Akufo-Addo, whose two-term mandate ends on Jan. 7, 2025, said at a farmers' award ceremony late on Friday that cocoa farmers would now receive 49,600 Ghanaian cedi ($3,062) per metric ton compared with the 48,000 Ghanaian cedi announced when the season opened on Sept. 1.

A cocoa marketing board (Cocobod) spokesperson said the increase had been introduced with immediate effect.

Reports of a possible price hike led to farmers' hoarding beans in October, potentially squeezing global supplies.

The authorities have been seeking to increase farmers' incomes and deter smuggling, which led to Ghana losing more than a third of its cocoa output for 2023/24, according to Cocobod officials.
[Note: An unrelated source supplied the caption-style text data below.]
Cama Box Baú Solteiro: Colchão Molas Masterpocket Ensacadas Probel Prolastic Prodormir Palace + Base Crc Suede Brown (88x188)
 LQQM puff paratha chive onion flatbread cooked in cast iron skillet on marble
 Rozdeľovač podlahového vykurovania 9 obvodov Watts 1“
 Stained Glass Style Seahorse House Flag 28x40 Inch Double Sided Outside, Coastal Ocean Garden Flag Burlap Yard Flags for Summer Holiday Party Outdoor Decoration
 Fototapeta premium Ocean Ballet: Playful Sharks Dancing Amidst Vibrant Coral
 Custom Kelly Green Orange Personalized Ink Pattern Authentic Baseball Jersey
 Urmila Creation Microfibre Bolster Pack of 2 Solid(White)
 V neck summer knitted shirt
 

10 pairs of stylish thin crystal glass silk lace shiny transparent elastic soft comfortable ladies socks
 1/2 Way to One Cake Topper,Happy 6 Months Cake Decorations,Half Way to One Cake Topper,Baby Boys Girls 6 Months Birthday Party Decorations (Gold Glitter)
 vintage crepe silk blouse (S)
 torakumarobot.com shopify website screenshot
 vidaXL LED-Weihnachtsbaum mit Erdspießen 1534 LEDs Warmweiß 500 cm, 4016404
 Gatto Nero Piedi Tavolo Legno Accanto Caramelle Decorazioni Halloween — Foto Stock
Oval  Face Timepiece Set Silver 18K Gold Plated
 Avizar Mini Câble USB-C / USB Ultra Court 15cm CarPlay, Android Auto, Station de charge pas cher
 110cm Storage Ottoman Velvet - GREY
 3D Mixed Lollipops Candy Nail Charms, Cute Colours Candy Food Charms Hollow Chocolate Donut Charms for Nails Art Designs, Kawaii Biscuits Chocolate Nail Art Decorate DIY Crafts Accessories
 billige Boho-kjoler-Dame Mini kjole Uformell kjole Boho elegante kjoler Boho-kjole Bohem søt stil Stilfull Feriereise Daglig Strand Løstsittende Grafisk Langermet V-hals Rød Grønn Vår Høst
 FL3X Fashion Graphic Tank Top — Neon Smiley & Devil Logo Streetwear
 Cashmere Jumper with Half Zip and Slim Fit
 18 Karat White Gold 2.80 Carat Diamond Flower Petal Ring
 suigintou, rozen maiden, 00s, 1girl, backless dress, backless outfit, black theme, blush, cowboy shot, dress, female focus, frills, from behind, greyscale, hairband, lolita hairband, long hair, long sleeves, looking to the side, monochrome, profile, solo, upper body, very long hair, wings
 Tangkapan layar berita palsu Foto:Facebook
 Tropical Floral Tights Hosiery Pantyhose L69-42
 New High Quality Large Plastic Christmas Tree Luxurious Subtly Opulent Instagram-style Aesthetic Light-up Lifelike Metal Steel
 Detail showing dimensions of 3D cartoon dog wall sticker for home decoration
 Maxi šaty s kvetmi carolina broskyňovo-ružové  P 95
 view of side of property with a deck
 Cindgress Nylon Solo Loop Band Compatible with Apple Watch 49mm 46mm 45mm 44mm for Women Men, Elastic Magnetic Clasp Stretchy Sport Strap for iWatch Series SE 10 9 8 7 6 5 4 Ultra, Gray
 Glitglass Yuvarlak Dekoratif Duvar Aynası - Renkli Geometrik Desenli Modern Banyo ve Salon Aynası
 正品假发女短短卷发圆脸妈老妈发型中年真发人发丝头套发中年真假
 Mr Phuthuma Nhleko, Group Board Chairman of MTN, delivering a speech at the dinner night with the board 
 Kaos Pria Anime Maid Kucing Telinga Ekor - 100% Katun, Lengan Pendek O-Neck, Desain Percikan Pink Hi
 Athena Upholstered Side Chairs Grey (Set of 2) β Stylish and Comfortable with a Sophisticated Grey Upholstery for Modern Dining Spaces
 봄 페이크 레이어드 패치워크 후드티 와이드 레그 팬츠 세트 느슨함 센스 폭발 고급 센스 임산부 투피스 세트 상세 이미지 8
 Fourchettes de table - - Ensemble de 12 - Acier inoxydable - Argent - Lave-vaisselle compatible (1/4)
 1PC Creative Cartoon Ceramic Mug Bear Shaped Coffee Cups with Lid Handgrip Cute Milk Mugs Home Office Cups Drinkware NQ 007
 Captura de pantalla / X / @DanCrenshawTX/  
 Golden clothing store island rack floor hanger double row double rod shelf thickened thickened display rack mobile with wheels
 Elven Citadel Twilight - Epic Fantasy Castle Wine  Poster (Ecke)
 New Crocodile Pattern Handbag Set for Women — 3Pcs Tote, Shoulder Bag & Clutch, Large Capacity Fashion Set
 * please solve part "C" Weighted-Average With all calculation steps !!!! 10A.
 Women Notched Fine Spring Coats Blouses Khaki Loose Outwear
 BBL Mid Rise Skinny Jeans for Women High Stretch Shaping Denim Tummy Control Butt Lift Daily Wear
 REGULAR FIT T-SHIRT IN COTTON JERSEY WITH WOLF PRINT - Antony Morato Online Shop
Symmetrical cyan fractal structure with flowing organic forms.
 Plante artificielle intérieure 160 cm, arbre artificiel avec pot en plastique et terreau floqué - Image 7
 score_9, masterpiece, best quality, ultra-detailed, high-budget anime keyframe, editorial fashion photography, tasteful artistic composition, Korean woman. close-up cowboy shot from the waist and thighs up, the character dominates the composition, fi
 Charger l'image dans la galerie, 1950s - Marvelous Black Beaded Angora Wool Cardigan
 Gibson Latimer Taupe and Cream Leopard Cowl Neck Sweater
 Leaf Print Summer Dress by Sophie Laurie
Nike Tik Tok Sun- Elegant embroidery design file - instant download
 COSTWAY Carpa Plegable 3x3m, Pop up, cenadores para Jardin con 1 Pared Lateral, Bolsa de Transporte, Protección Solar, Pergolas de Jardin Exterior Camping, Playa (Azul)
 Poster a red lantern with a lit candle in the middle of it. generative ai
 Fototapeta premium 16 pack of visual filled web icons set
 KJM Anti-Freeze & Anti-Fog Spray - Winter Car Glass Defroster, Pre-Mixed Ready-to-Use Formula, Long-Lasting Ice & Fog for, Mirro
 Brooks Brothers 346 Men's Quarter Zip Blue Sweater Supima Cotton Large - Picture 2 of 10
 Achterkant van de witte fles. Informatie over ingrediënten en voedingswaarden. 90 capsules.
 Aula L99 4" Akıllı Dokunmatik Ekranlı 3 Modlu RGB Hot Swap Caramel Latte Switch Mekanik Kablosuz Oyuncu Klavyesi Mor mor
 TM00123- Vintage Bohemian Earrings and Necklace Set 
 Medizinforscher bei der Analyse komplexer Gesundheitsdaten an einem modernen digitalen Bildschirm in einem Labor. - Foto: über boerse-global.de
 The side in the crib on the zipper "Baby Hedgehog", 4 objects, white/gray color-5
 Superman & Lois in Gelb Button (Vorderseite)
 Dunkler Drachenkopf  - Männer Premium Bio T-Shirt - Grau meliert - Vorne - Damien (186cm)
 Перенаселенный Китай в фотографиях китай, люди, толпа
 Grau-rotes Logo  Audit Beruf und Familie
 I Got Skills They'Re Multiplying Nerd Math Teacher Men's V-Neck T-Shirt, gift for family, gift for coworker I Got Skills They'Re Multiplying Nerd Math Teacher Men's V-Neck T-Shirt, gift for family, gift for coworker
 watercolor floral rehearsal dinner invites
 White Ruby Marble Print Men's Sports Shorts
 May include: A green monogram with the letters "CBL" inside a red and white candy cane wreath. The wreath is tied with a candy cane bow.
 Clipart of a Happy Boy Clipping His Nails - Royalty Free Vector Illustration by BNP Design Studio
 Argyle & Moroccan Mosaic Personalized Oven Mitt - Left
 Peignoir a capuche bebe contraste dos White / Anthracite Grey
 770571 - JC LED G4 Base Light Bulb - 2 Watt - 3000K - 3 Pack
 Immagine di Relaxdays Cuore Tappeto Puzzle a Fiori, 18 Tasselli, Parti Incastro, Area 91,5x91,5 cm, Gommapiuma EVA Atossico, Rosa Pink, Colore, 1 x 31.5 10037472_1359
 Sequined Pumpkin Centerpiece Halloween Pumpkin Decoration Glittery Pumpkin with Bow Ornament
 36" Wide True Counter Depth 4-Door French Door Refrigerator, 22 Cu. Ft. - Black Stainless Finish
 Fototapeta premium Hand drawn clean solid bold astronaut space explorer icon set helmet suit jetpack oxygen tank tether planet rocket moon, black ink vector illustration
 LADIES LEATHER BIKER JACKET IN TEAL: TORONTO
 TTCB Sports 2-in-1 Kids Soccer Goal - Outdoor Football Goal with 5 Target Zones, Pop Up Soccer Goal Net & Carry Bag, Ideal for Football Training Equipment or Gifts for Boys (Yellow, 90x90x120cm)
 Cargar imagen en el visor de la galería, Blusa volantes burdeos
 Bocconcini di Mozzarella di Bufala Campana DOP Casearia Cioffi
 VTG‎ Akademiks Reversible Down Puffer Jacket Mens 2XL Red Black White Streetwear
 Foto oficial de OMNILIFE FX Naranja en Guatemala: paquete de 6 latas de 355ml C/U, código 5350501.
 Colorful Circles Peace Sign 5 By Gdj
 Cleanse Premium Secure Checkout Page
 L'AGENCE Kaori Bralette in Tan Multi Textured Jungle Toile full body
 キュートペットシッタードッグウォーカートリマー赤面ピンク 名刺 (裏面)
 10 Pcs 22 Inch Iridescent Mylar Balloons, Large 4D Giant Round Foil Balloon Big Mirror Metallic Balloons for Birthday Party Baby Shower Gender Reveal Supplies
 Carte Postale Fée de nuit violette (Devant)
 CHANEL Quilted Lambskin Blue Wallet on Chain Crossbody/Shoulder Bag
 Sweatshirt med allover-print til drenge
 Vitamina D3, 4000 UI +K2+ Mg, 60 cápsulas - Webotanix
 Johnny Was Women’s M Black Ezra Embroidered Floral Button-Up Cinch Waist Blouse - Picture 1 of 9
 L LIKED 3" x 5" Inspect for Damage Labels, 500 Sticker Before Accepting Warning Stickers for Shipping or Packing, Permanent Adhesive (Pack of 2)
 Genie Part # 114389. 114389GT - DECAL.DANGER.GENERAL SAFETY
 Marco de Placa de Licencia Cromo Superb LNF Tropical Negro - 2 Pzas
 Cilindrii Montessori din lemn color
This compounded sectoral woes that brought Ghana's production to a more than two-decade low, helping send global cocoa prices to record highs.

Akufo-Addo also said he had directed Cocobod to provide scholarships to cocoa farmers' children in tertiary education.

However Bright Simons, a vice president at Accra-based think tank IMANI Africa, said the motivation for the policies "appears to be strictly about votes in the impending elections", noting that the price hike was significantly below the cumulative effects of inflation and currency depreciation, muting the potential impact.

Ghana, one of Africa's most stable democracies, heads to the polls on Dec. 7 to elect a replacement to Akufo-Addo, who first came to office in 2017.

Vice President Muhamudu Bawumia of the ruling New Patriotic Party, and former president John Mahama of the main opposition National Democratic Congress party, are the main contenders.

Polls from Accra-based research group Global InfoAnalytics tip Mahama to win as Ghana's worst economic crisis in a generation weighs against the ruling party. Bawumia, an economist and former central banker, is seen as the face of the government's economic policies.

Ghana's cocoa production is second only to neighbouring Ivory Coast.